The core design decision: routing should be invisible
The alternative to automatic routing is asking users to pick a model. We rejected that early. Most users do not know which model tier is right for their query, do not want to think about it, and will default to whichever tier they know — usually the first one. Asking creates friction, creates wrong choices, and creates a product experience that feels technical rather than useful.

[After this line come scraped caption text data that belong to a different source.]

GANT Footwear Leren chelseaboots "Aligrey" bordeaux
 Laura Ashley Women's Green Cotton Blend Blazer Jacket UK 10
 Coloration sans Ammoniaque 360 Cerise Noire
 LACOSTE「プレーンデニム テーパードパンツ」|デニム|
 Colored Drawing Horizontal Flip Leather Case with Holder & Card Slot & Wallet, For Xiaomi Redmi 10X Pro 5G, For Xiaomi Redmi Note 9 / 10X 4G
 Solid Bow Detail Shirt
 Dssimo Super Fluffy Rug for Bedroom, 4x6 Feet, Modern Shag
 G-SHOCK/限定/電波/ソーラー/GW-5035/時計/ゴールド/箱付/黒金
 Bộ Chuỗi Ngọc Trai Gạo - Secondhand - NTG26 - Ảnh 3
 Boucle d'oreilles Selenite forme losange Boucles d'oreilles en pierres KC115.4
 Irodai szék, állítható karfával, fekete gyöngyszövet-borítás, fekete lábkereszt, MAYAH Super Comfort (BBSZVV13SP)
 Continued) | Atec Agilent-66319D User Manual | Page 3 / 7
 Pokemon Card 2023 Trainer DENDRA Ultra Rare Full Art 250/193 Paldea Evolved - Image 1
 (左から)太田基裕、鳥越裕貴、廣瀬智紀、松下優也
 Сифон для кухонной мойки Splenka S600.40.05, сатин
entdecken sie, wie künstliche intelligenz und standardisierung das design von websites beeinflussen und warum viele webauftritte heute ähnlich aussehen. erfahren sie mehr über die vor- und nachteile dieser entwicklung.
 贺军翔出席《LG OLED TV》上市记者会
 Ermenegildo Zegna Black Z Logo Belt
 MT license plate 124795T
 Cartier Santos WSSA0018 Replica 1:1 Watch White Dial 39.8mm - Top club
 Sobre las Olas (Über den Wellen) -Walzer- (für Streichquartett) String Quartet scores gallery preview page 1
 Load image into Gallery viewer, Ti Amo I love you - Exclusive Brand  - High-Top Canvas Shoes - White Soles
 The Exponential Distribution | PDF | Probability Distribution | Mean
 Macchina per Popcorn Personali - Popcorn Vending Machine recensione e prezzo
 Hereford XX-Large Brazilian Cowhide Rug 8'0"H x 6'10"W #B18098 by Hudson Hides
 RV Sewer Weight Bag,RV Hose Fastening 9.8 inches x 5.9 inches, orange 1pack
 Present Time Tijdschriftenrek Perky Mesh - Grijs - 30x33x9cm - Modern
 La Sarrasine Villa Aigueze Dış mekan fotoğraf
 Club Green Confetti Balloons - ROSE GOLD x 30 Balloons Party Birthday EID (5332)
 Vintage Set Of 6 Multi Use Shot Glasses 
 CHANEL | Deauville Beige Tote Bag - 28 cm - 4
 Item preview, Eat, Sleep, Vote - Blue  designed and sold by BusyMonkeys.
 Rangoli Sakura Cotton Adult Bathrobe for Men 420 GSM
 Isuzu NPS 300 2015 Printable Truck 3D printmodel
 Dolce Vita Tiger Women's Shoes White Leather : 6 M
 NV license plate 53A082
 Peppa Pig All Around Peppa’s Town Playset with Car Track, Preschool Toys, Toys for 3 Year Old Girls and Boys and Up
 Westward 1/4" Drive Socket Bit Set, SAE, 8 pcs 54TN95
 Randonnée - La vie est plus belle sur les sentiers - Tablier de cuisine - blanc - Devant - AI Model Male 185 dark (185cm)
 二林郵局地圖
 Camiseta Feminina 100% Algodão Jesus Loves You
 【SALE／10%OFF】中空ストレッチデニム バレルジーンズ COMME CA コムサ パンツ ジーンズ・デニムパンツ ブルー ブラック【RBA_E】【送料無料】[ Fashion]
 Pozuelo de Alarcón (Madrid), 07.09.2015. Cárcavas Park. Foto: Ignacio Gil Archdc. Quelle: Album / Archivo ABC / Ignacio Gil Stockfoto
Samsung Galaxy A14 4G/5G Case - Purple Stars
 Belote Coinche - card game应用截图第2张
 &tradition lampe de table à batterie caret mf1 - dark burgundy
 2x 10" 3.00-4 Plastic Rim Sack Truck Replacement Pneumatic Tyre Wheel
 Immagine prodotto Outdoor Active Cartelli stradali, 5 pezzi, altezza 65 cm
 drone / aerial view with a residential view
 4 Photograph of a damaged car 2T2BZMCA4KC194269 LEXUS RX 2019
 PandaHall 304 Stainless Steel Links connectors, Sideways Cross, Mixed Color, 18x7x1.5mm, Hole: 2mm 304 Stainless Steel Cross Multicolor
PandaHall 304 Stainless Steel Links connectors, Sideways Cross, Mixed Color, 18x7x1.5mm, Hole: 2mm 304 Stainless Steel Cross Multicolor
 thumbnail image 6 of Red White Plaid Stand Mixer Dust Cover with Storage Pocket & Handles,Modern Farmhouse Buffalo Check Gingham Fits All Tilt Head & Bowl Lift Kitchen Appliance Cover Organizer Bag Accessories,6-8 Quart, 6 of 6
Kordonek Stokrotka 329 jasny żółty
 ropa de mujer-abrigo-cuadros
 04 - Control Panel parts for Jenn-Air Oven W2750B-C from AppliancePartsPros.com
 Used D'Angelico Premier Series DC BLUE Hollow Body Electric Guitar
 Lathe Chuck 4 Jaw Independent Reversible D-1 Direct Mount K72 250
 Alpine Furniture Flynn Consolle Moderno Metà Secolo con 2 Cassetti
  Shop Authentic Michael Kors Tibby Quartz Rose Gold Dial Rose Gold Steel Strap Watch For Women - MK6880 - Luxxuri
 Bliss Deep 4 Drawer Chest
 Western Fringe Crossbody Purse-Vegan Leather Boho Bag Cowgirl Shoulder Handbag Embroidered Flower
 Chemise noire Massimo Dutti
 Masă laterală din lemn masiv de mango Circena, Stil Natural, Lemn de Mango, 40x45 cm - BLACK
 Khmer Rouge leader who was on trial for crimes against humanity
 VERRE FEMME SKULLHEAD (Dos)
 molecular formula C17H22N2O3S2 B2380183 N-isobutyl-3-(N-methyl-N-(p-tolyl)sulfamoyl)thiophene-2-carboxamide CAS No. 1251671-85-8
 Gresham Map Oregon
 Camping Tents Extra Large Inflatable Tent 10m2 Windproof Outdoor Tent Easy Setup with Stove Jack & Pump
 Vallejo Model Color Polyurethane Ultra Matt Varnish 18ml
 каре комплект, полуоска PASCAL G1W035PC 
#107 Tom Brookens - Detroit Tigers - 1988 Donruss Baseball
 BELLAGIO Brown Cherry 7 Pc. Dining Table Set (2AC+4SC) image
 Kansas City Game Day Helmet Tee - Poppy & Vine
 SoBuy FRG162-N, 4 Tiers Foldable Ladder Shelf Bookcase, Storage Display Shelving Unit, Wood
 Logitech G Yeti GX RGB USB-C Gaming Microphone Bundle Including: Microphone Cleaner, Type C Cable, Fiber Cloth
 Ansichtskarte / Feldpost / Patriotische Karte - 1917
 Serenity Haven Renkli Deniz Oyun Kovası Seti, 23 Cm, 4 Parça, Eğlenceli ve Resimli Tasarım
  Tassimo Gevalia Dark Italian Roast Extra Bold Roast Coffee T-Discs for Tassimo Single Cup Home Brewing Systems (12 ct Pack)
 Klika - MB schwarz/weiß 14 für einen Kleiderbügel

The classifier exists to make that choice on behalf of the user, every time, transparently. The goal is that users simply ask questions and get appropriately capable responses — whether that is a fast one-line answer or a detailed multi-paragraph breakdown — without any awareness that a routing decision was made at all.
How the scoring works
Each message is scored against two pattern sets. The complex set covers words and phrases that tend to predict queries needing more depth: 'explain,' 'analyze,' 'compare,' 'algorithm,' 'write a,' 'create a,' 'step-by-step,' 'essay,' 'report,' 'documentation,' 'pros and cons,' 'implications,' and academic subject names including philosophy, ethics, economics, physics, chemistry, biology, mathematics, psychology, and sociology. Each pattern that matches adds to the complexity score.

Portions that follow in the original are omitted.